A few years back I rented a place that had a 30 year old AEG washing machine. That machine was still going strong, had components you could replace or service and was solidly built. I decided to go shopping for an AEG machine, but didn't buy in the end because I couldn't tell them apart from any other Zanussi/Bendix/Hotpoint on the market. They'd pretty much sold-out in order to compete on price.

I'm a strong believer in durability. If things last, the world needs less of them and you save in the long run - it means less raw materials and less pollution. This is not to say that Chinese goods can't be durable, but most high street shoppers only look at the price tag and cannot assess how durable an item might be. Chrome plated plastic looks pretty much like chrome plated steel.

A low price tag means that broken items get thrown away rather than repaired and the mountain of household goods down our local dump saddens me. I often 'liberate' some of these. I got a strimmer that needed a new pull-cord, a mower that needed a carb adjustment and no end of other goods such as radios and electrical equipment that needed a simple repair. My favourite guitar was being thrown out because the strings had broken, so the guy left it in a shed for two years before loading it into his car with bags of garden rubbish.

In fact, my PC is a throw-out from someone who wanted to upgrade. I've now been using it as my only machine for 2 years - he was taking it the dump.

I do buy Chinese goods, but with my eyes open. I don't like to be duped, like the Celestion incident. I bought a very cheap CO2 rifle that is made in China. It's sold as a Chinese product, says Made in China on the box and is stamped the same on the breech. It's a copy of a now-obsolete Crossman. It needed some work to get it working smoothly, but the overall quality is reasonable and it's made of steel with a properly hardened barrel. All parts are replaceable and easily reconstructed in the home workshop. It will probably outlast me.

The problem arises if you don't know something is counterfeit and you expect that part or item to conform to the quality and performance standards of the genuine part. Medicines are now being targeted by counterfeiters and often they contain little or no active ingredients. In every other respect they look correct, with accurate packaging and the same look-and-feel as the originals. Hospitals the world over are finding counterfeit drugs and medical products in their own dispensaries.

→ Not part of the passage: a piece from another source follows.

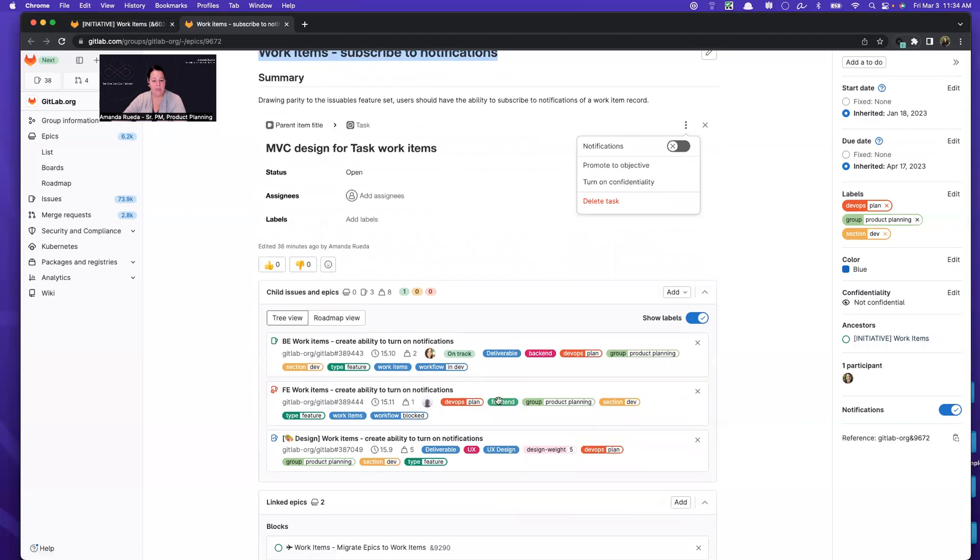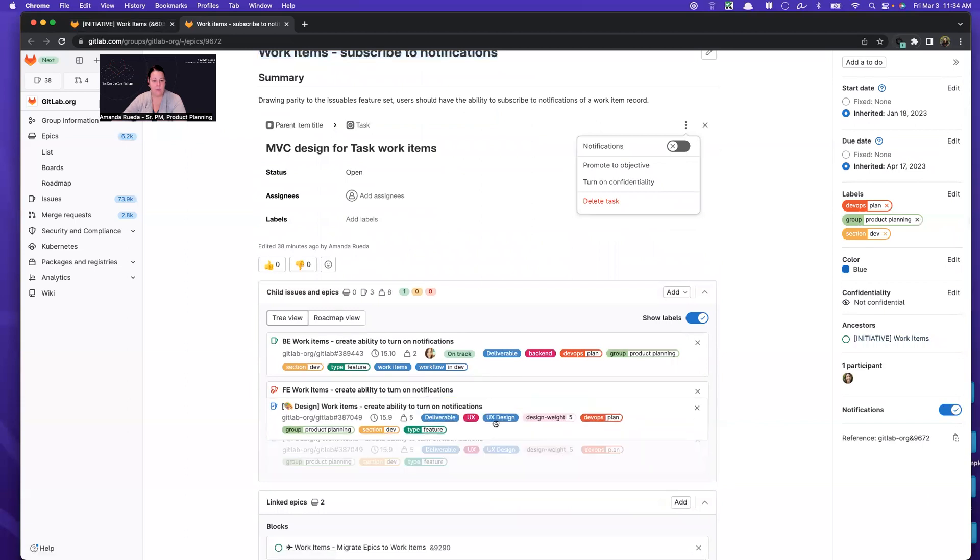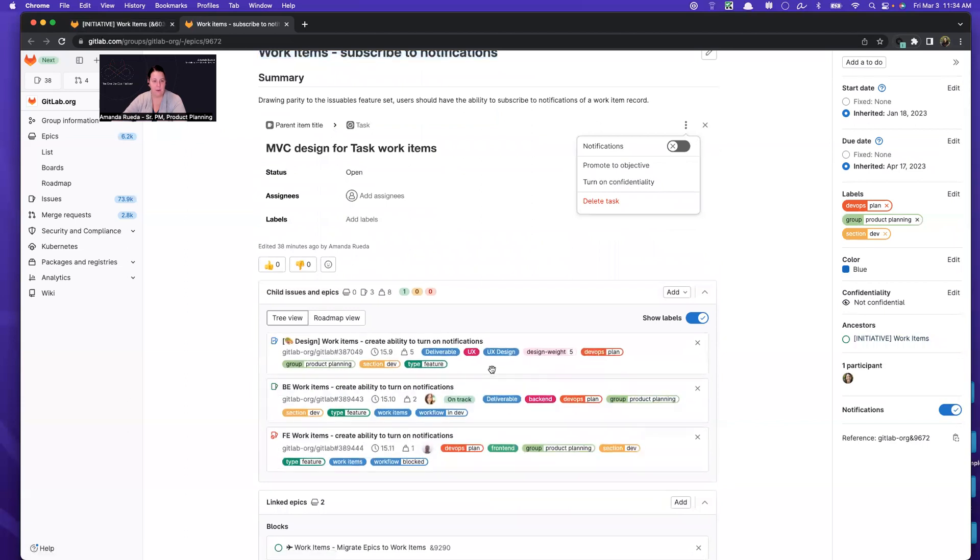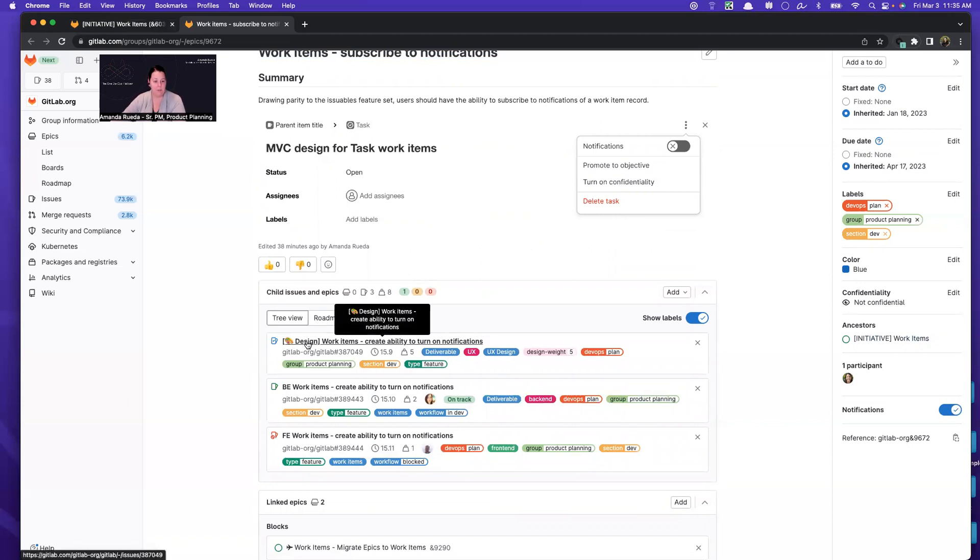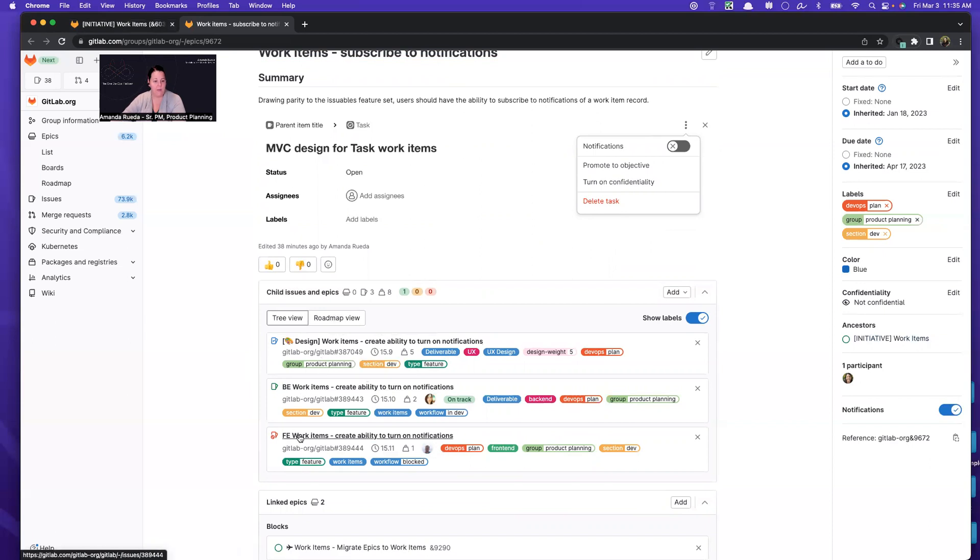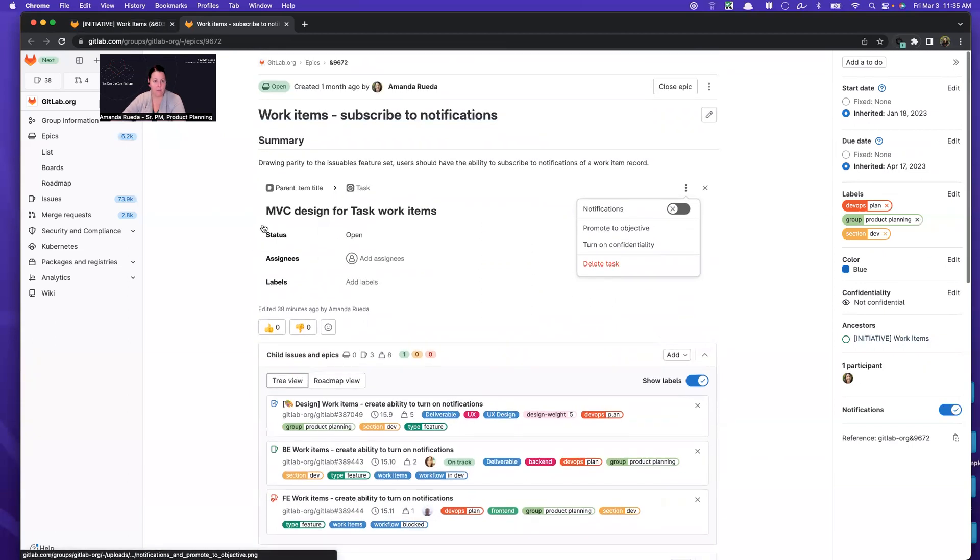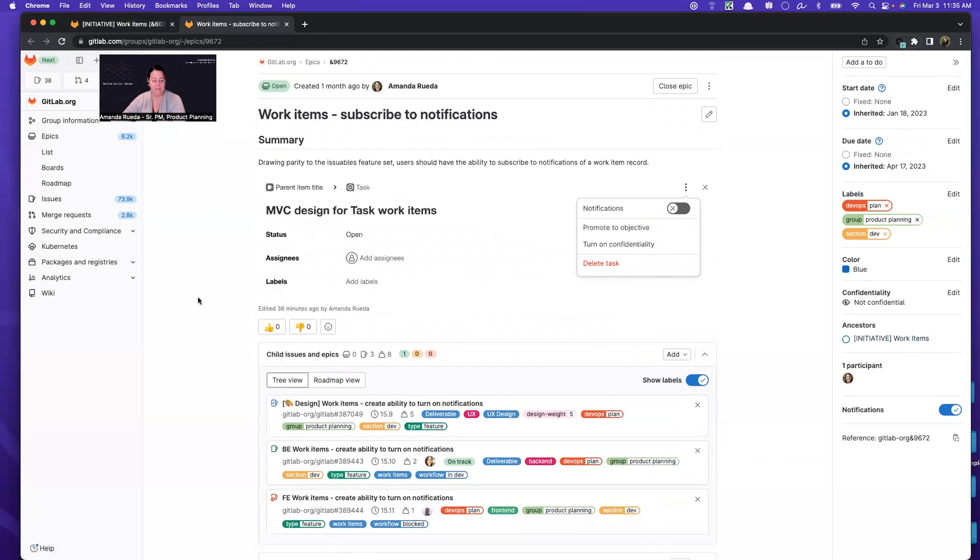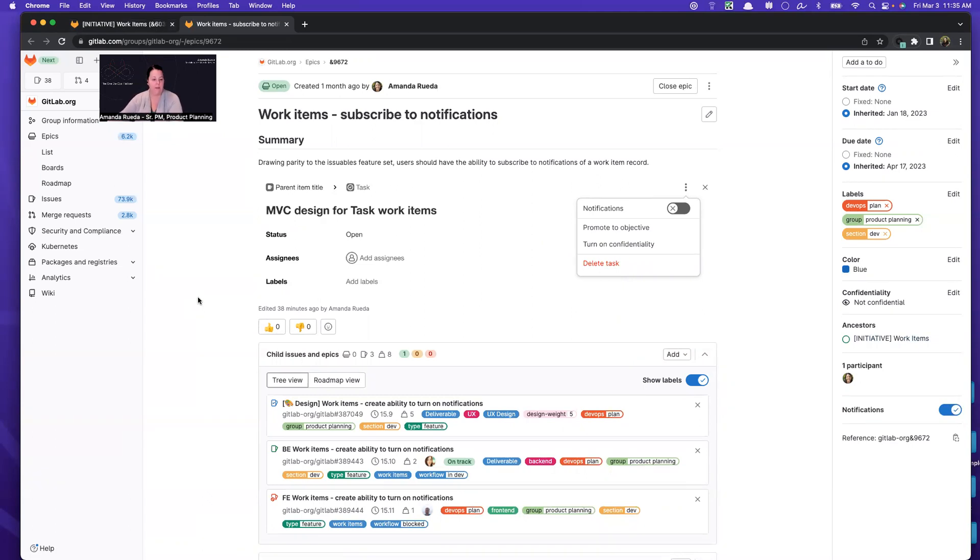And so the way that I like to break down my epics and not everybody does it the same. So take this with a grain of salt, but I like to create a design issue, a back-end issue, and a front-end issue for all of my work. And if for some reason it doesn't need one of those, then I omit it. For example, if it was API work, I wouldn't need design and front-end. But typically our features require all three.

There's probably no industry that isn't challenged by counterfeiting. In the car and bike world this has been going on since the dawn of motorised transport - 'pattern parts'. They even used to copy the packaging but deliberately mis-spell the name, like Handa or Suzeki. In the 70s most of this stuff was coming from Japan, though.


puretube

Ch*na currently got the worlds most stringent RoHS laws...  (anybody knew that already?  :icon_wink:)

makes it a little harder to sell that up-growing market there our junk  :icon_mrgreen:

Mick Bailey

ROHS doesn't stop them selling children's toys with lead in the paint. Law is one thing, enforcement another.